Recently, market expectations on Fed policy have been fluctuating. The Fed's meeting last month and its new unemployment target appeared to set the stage for loose monetary policy for years to come. However, reports this month also surprisingly suggest that the Fed is already starting to consider when to end its latest easing programme, QE3.
This news has provided support to the US dollar in foreign-exchange markets - though this factor may be temporary. Regardless of the exact end-date of QE3, the US will still be faced with low interest rates and relatively loose monetary policy for years to come.
There also remains a lot of uncertainty on upcoming debt-ceiling talks, especially with no "trillion-dollar coin" coming to the rescue.
The European Central Bank remains the most traditionally minded among its peers. Despite the threat of another recession in the euro zone, the ECB kept its policy interest rate unchanged at 0.75 per cent at its meeting early this month. It also surprised some investors by not providing any signals on future rate cuts.
While this may be disappointing from a short-term-growth perspective, the conservative nature of the ECB's policy has helped boost the euro in currency markets. In spite of the deep economic problems in Europe, the euro has risen to a seven-month high at around 1.34 to the dollar, and could see further support ahead, at least until the next financial crisis in the euro-zone periphery.

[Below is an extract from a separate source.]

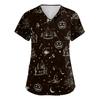 Women Short Sleeve Halloween Print V Neck Pocket Medical Scrub Top Nurse Uniform Shirt Comfortable Fit Durable Fabric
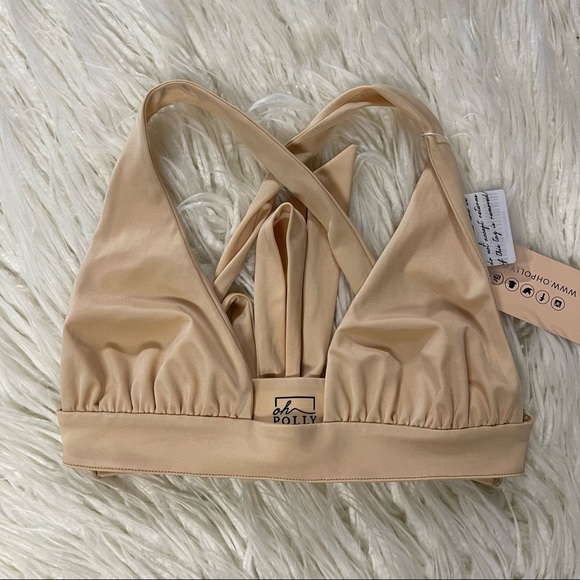 OH POLLY Sand Plunge Neck Bikini Top Size XS NWT - Picture 4 of 8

Hidden away by news elsewhere has been the Bank of England, but its policy debates may ultimately have the biggest implications of all. The central bank's new governor has been talking about replacing its inflation target with one for nominal gross domestic product.
GDP is usually adjusted for inflation so that analysts can calculate a "real" rate of growth. Nominal GDP is the unadjusted figure, which measures the total output of the economy. A nominal GDP target has been discussed in academia as a simplified way of reconciling growth and inflation targets. This could well be the next big thing in central banking.
It is now accepted that central banks need to be more flexible and forward-looking in their policy objectives. The very different policy paths taken by the major central banks will provide a storyline that other countries, including Thailand, can learn from. The success or failure of these policies will be fascinating to monitor in the year ahead.